For everything outside the list above, Aadhaar eSign is recognised under the IT Act and is adequate for most commercial purposes:

• Bilateral commercial contracts: NDAs, vendor agreements, service contracts, SaaS MSAs, and similar documents between parties where both are natural persons or authorised representatives.
• HR documents: offer letters, employment agreements, policy acknowledgements, and appraisal sign-offs. The signer is an individual; Aadhaar authentication is appropriate.
• Customer onboarding and consent: product terms acceptance, loan or insurance agreement signatures, and KYC-adjacent consent flows where the regulatory requirement does not override the general IT Act framework.
• Internal shareholder or board resolutions, where the company's Articles of Association and applicable rules permit electronic signing and do not specify DSC.
• Pre-agreements and term sheets in real estate: registration of conveyance deeds still requires physical attendance at the registrar's office, but preliminary documents, term sheets, and escrow instructions do not.

The legal basis in each case is Section 3A plus the audit trail produced by the ESP. Courts have consistently looked to the audit trail when evaluating the reliability of a signature: who authenticated, how, at what time, on what document. The token hardware is not the point. The provable authentication record is.

A routing framework for document types

Most organisations do not need to choose one method universally. They need a routing decision for each document type. This table maps the key dimensions:

A practical routing approach: classify each document type in your workflows as either "regulatory filing" or "commercial document." Regulatory filings on the portals listed above go to DSC. Everything else goes to Aadhaar eSign, with the exception of documents involving foreign signers.
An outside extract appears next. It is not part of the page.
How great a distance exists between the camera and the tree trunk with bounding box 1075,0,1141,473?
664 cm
The UIDAI downtime problem

UIDAI's systems have periodic maintenance windows, OTP delivery failures when mobile numbers are mismatched or Aadhaar links are outdated, and occasional outages. When the service is degraded, Aadhaar eSign stops working. This is a government infrastructure dependency — not a problem specific to any eSign provider.
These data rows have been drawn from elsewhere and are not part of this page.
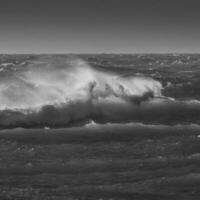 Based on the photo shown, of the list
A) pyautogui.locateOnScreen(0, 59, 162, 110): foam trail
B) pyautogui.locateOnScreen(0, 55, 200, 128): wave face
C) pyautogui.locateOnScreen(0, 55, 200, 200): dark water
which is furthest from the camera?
pyautogui.locateOnScreen(0, 59, 162, 110): foam trail

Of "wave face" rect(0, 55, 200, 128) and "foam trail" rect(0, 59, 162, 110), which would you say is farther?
"foam trail" rect(0, 59, 162, 110)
For most documents, a 2–4 hour delay is acceptable. For loan disbursals, same-day offer letters, or investor agreements with closing deadlines, it is not. The question is whether you have thought about this before the deadline, not after.

Three approaches worth considering for time-critical document types:

1. Maintain DSC capability for the small set of documents where a same-day signature has real financial or legal consequence. The additional overhead is contained because the set is small.
2. Build your signing workflow to retry automatically. If the first Aadhaar eSign attempt fails, queue the document and notify the signer to retry in 2 hours. This covers most transient outages without requiring a DSC fallback.
3. Use a different authentication factor where your ESP supports it. Some ESPs offer biometric eSign as an alternative to OTP — biometric authentication is a separate UIDAI service and may have different uptime characteristics.

None of these is complicated to implement. The difficulty is that organisations only think about them after experiencing an outage on a bad day. Building the fallback in advance is worth the hour it takes.